Bajo la forma de una serie de recomendaciones ético-políticas, la Conferencia Episcopal Española, órgano de gobierno de la Iglesia católica en España integrada por los obispos, se ha convertido desde el jueves en parte beligerante en la campaña electoral ya en curso. Y lo ha hecho con una intensidad y decantación ideológicas desconocidas hasta la fecha.

Los obispos se han sumido de lleno en el fragor de la batalla al descartar para los restos que el Estado pueda concertar una salida política de la violencia etarra mediante alguna forma de negociación con los terroristas, lo cual coincide, aunque lógicamente se guarden de decirlo, hasta la última sílaba con la posición que ha mantenido el PP en la legislatura que está a punto de acabar y, al mismo tiempo, descalifica al PSOE.

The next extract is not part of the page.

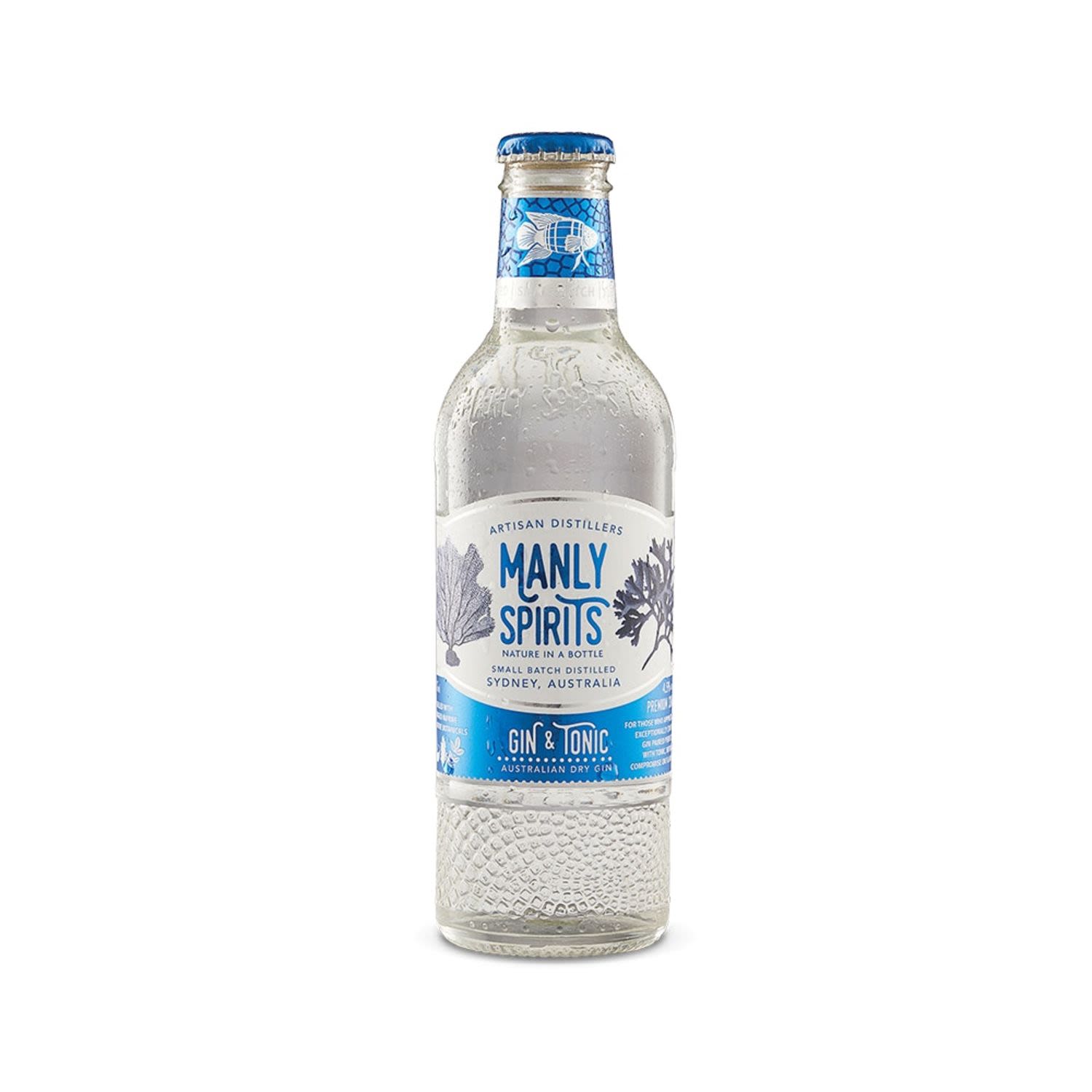 Manly Spirits Australian Dry Gin & Tonic Bottle 275mL 24 Pack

Contemplado ese pronunciamiento desde una perspectiva histórica, con él la Conferencia Episcopal deja a un lado de un plumazo la muy larga y honorable tradición de la Iglesia católica en la mediación de conflictos tan dramáticos como el vasco, desde el Ulster hasta toda clase de tragedias humanas en las cuatro esquinas del planeta. Si los obispos entienden que cualquier clase de acuerdo con ETA para que deponga las armas y deje de matar conculca la moral y la tradición católicas, deben explicar a sus desorientados feligreses en qué posición queda ahora monseñor Uriarte, que participó en el intento de negociación con ETA promovido por un Gobierno de José María Aznar sin que en ese momento saliera de la boca de ningún obispo el más mínimo reproche.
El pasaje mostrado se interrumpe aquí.